▸ **Material provided**
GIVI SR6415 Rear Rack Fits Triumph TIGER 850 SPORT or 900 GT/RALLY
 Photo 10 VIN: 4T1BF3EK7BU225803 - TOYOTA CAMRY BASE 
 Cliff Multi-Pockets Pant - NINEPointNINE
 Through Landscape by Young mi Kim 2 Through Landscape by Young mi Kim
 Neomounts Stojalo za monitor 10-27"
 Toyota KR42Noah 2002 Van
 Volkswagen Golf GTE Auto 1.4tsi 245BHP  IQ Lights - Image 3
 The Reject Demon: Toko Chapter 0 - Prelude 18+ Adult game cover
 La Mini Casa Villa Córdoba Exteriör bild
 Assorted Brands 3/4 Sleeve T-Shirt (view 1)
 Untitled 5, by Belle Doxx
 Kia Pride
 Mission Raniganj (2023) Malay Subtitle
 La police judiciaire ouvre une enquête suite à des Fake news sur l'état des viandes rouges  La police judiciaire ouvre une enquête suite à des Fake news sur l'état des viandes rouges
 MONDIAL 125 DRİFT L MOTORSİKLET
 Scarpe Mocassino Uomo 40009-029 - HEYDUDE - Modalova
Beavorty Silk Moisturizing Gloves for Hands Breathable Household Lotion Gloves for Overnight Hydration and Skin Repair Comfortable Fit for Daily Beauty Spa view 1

▸ **Work task**
In the entries above, which lines hold the string "view"? Report all of them.

▸ **Reply to the exercise**
 Assorted Brands 3/4 Sleeve T-Shirt (view 1)
Beavorty Silk Moisturizing Gloves for Hands Breathable Household Lotion Gloves for Overnight Hydration and Skin Repair Comfortable Fit for Daily Beauty Spa view 1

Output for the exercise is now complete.